The house building project had an immense impact on our families and on Tabitha Cambodia. It was the project that brought more than 30,000 volunteers from all over the world to come and experience Cambodia at a personal level. One of the major impacts was that our volunteer foundations in Canada, USA, UK, Singapore and Australia were all headed by volunteers who had come and continued to come to build houses for our families.
There are so many memories of housebuilding teams. Our first official team was headed by Andy Payne and fellow teachers of UWCSEA. It almost became our last team. Tabitha had not yet learned all the many lessons that we needed to learn. This team started building from scratch by carrying and installing the nine cement support posts for the house. It almost finished the team as the posts weighed about a ton each. The house was very unstable. We were beginning to put up our first wall, when this house of lessons, tumbled down around us, cracking a few ribs, lots of deep gashes and a great deal of shock. I give this team full credit for returning the next morning and rebuilding a very good house. I learned that we needed to do the foundations and the frames with local contractors and let teams finish the walls and floors of a house.
It was the beginning of building 13,266 houses from 2005 till our closing when our final task as Tabitha Cambodia is to build 90 houses with 140 volunteers and 20 staff. No better way to end!
Some of my favorite memories revolve around our youngest house builders – our adopted children from Cambodia House and their families. My daughter was just two. Over the years this team of young people returned a number of times, keeping our bonds strong. Now they are adults, of whom I am so very proud.
For a number of years, moving materials to our house building sites was a phenomenal challenge. Poor Heng spent endless nights moving wood to our villages just to avoid running through police blockades demanding increasing amount of money just to pass through. Eventually the Cambodian government through the Ministry of Agriculture came to our aid by providing a much-needed letter of permission to move our materials freely to the villages.
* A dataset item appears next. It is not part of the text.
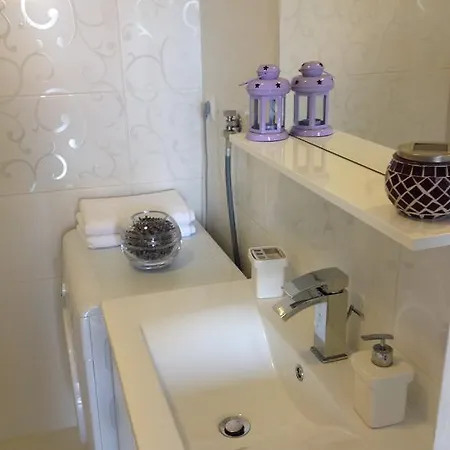Appartement Live Zadar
So very many teams, so very many friends, and memories which had a huge impact on Tabitha and the people of Cambodia.
And yet, the best of housebuilding were our families themselves. 482,526 families rebuilt their shacks of thatch and scrap into their dream homes, one savings cycle at time. That process continues even as we close our doors.
It remains one of my greatest pleasures to return to villages which were all in scrap materials turn into villages of substantial houses. It doesn’t happen overnight. It takes anywhere from 4 to 6 years to accomplish. It takes faith in themselves; it takes patience; it takes a remarkable fortitude to build one step at a time.
My deepest thanks go out to every house build volunteer who came and stood with Tabitha and the people of Cambodia. I will never forget you! I thank my God for this great privilege of house building, both volunteers and home owners. I stand in awe of each of you. It is so very good!